The preferred shares now issued shall have the same characteristics and conditions and shall be entitled to the same rights and benefits as the existing preferred shares, including full right to dividends and other benefits declared from this date forward, according to the Company’s By-Laws.

 

5.1.2.     Consequently, the Company’s share capital shall pass from R$6,761,281,357.93 (six billion, seven hundred and sixty-one million, two hundred and eighty-one thousand, three hundred and fifty-seven Reais  and ninety-three cents) to R$6,764,299,907.49 (six billion, seven hundred and sixty-four million, two hundred and ninety-nine thousand, nine hundred and seven Reais  and fourty-nine cents),   fully subscribed and paid in, divided into 264,452,885 (two hundred and sixty-four million, four hundred and fifty-two thousand, eight hundred and eighty-five) shares with no par value, 99,679,851 (ninety-nine million, six hundred and seventy-nine thousand, eight hundred and fifty-one) of which are common shares and 164.773.034 (one hundred and sixty-four million, seven hundred and seventy-three thousand and thirty-four) of which are preferred shares.

 


 
 

 

 

6.            APPROVAL AND SUBMISSION OF MINUTES: Having nothing to discuss further, the proceedings were adjourned and the minutes were prepared. Once the proceedings were resumed, the minutes were read and approved, all the attending Board members having signed them. São Paulo, 11th of December, 2013. Sigantures: Chairman – Jean-Charles Naouri; Secretary – Julian Fonseca Peña Chediak. Jean-Charles Naouri, Arnaud Strasser, p.p. Ronaldo Iabrudi, Antoine Marie Lazare Giscard d’Estaing, Ronaldo Iabrudi, Ulisses Kameyama, Eleazar de Carvalho Filho, Roberto Oliveira de Lima, Luiz Augusto de Castro Neves, Maria Helena dos Santos Fernandes Santana, Pedro Chermont de Miranda and Guilherme Affonso Ferreira. I certify, for due purposes, that this is an extract from the minutes registered with the relevant book, in accordance with section 130, paragraph 3 of Law No. 6.404/76 as amended.

 

 

 

Julian Fonseca Peña Chediak

Secretary

 

 

 

 

 

SIGNATURES

        Pursuant to the requirement of the Securities Exchange Act of 1934, the registrant has duly caused this report to be signed on its behalf by the undersigned, thereunto duly authorized.

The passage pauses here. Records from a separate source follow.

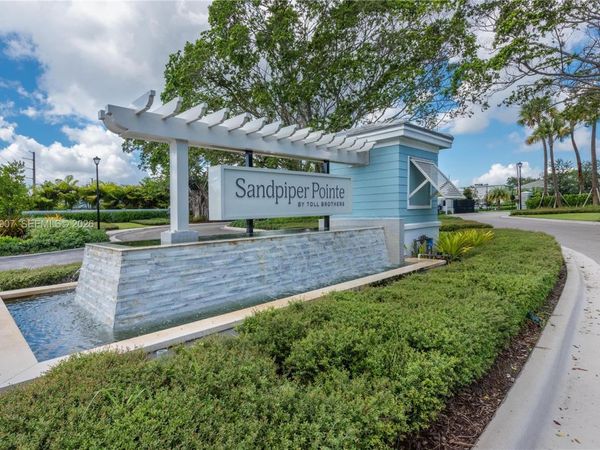 542 Parsons Way, Deerfield Beach, FL 33442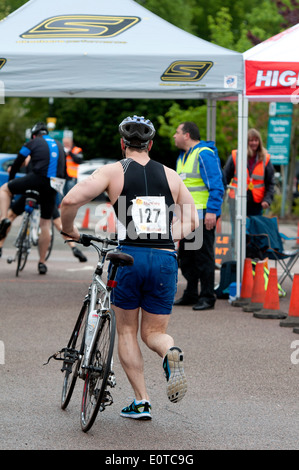 Stratford 220 Triathlon, concorrente lasciando area di transizione Foto Stock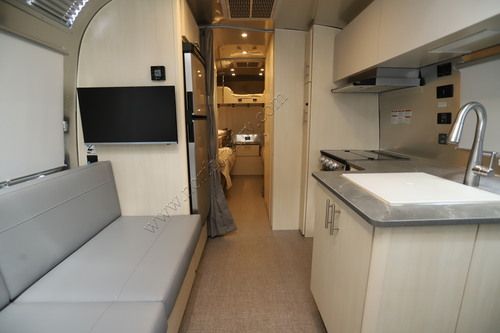 2026 Airstream Flying Cloud 25FB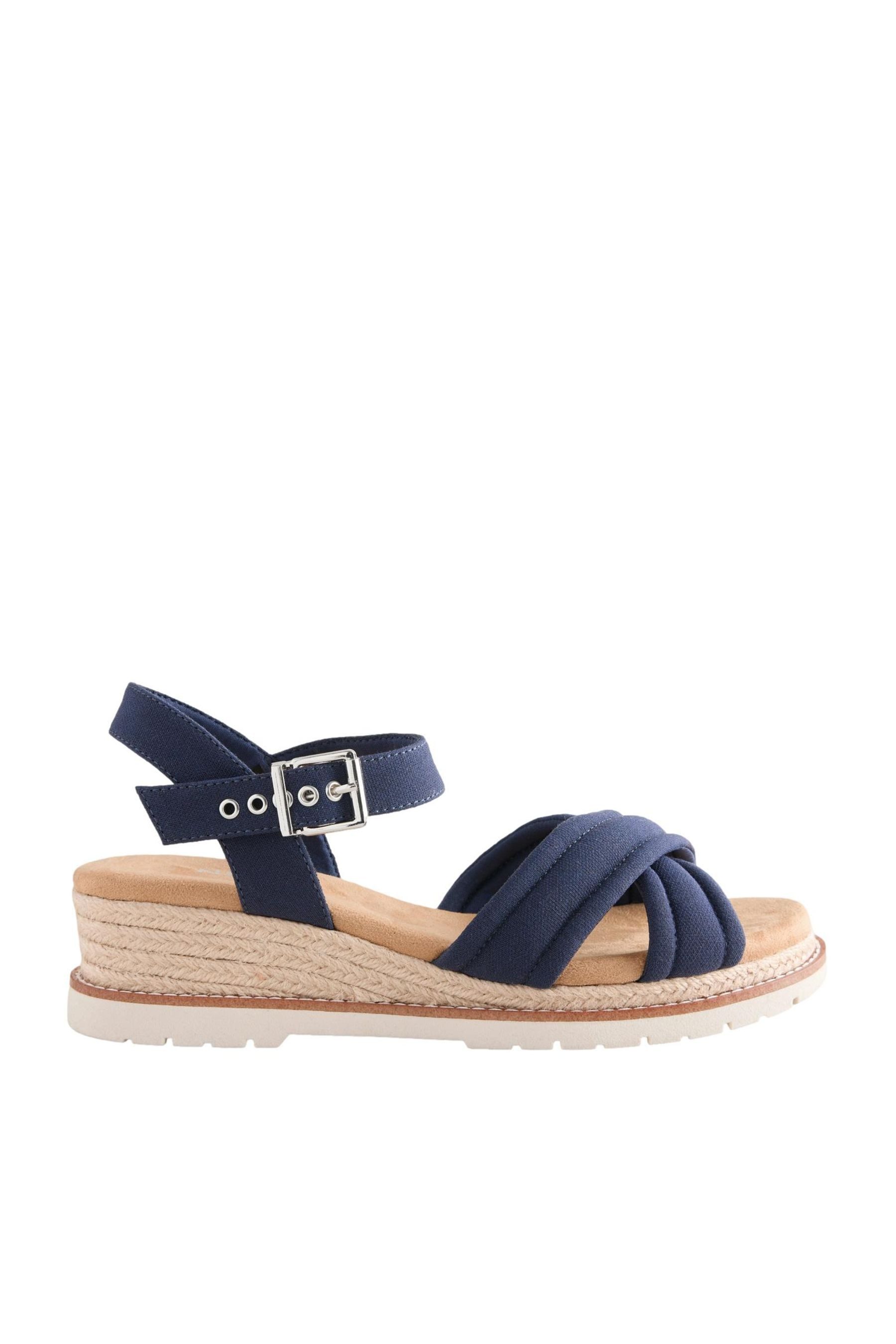 Next Forever Comfort® Keilabsatzschuhe mit X-Riemen Keilsandalette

COMPANHIA BRASILEIRA DE DISTRIBUIÇÃO



Date:  December 12, 2013 By:   /s/ Enéas César Pestana Neto      
         Name:   Enéas César Pestana Neto
         Title:      Chief Executive Officer



    By:    /s/ Daniela Sabbag            
         Name:  Daniela Sabbag 
         Title:     Investor Relations Officer


FORWARD-LOOKING STATEMENTS

This press release may contain forward-looking statements. These statements are statements that are not historical facts, and are based on management's current view and estimates offuture economic circumstances, industry conditions, company performance and financial results. The words "anticipates", "believes", "estimates", "expects", "plans" and similar expressions, as they relate to the company, are intended to identify forward-looking statements. Statements regarding the declaration or payment of dividends, the implementation of principal operating and financing strategies and capital expenditure plans, the direction of future operations and the factors or trends affecting financial condition, liquidity or results of operations are examples of forward-looking statements. Such statements reflect the current views of management and are subject to a number of risks and uncertainties. There is no guarantee that the expected events, trends or results will actually occur. The statements are based on many assumptions and factors, including general economic and market conditions, industry conditions, and operating factors. Any changes in such assumptions or factors could cause actual results to differ materially from current expectations.